▸ How to complete this task
An exact copy is required of the lines running from the one that contains "2020 Chevrolet Silverado 1500 RST photo 17" to the end of the material, both ends included, with pictures omitted.

▸ Data provided
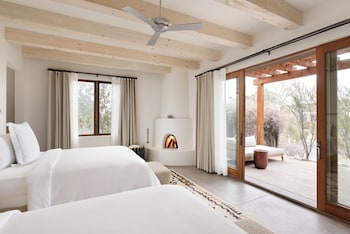 Deluxe Room, 2 Queen Beds, Non Smoking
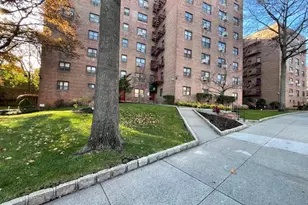 87-30 204th St, Hollis, NY 11423 - Photo 1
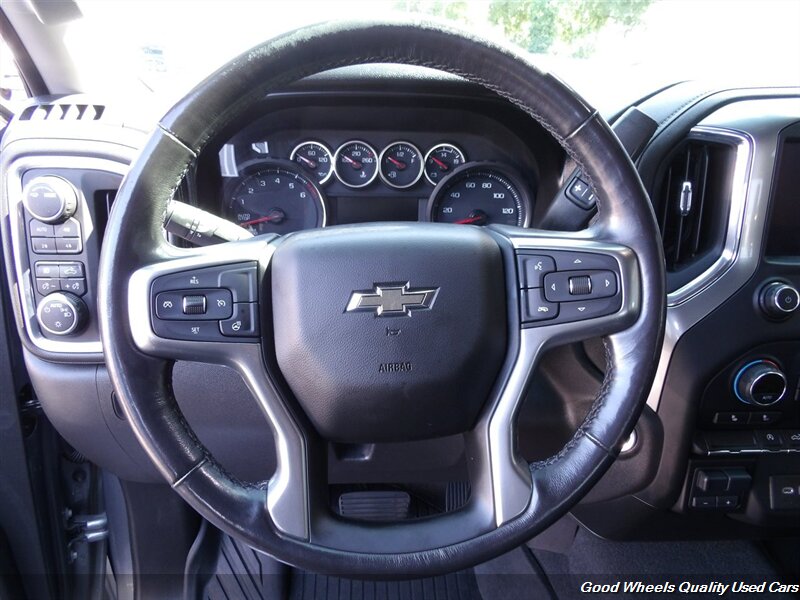 2020 Chevrolet Silverado 1500 RST photo 17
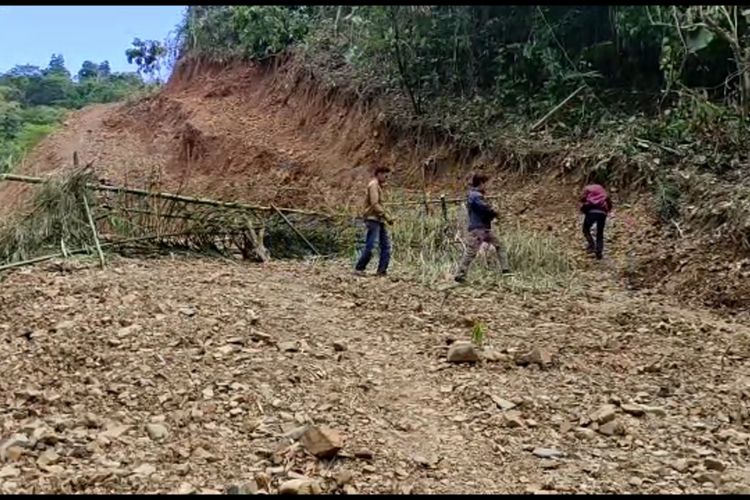 Jalan Desa Riso di Polewali Mandar, Sulawesi Barat, yang ditutup setelah salah satu calon kepala desa kalah dalam pemilihan.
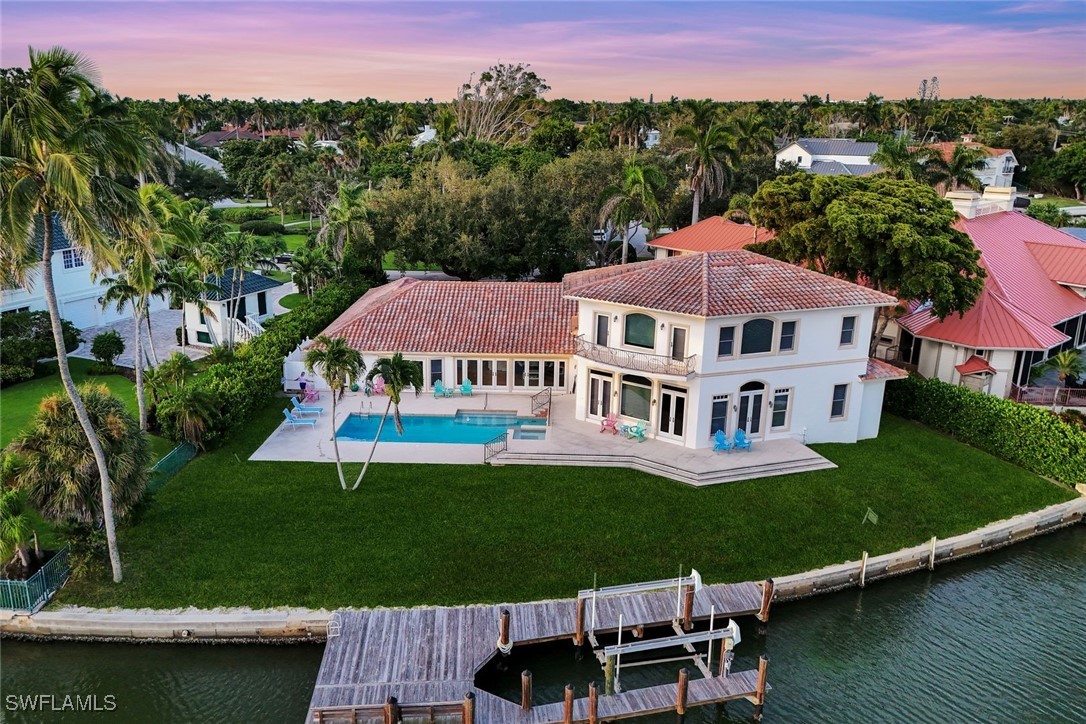 350 Bow Line Bnd Naples, FL 34103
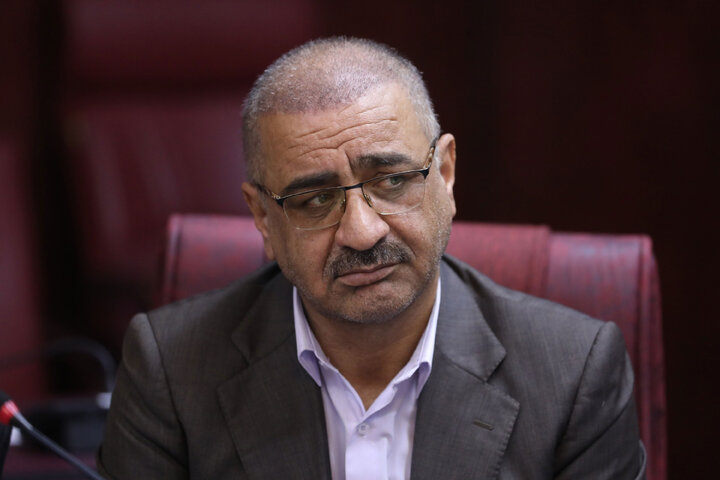 نشست کمیسیونصنایع ومعادن مجلس با وزیر اقتصاد و امور دارایی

▸ Solution to this exercise
 2020 Chevrolet Silverado 1500 RST photo 17
 Jalan Desa Riso di Polewali Mandar, Sulawesi Barat, yang ditutup setelah salah satu calon kepala desa kalah dalam pemilihan.
 350 Bow Line Bnd Naples, FL 34103
 نشست کمیسیونصنایع ومعادن مجلس با وزیر اقتصاد و امور دارایی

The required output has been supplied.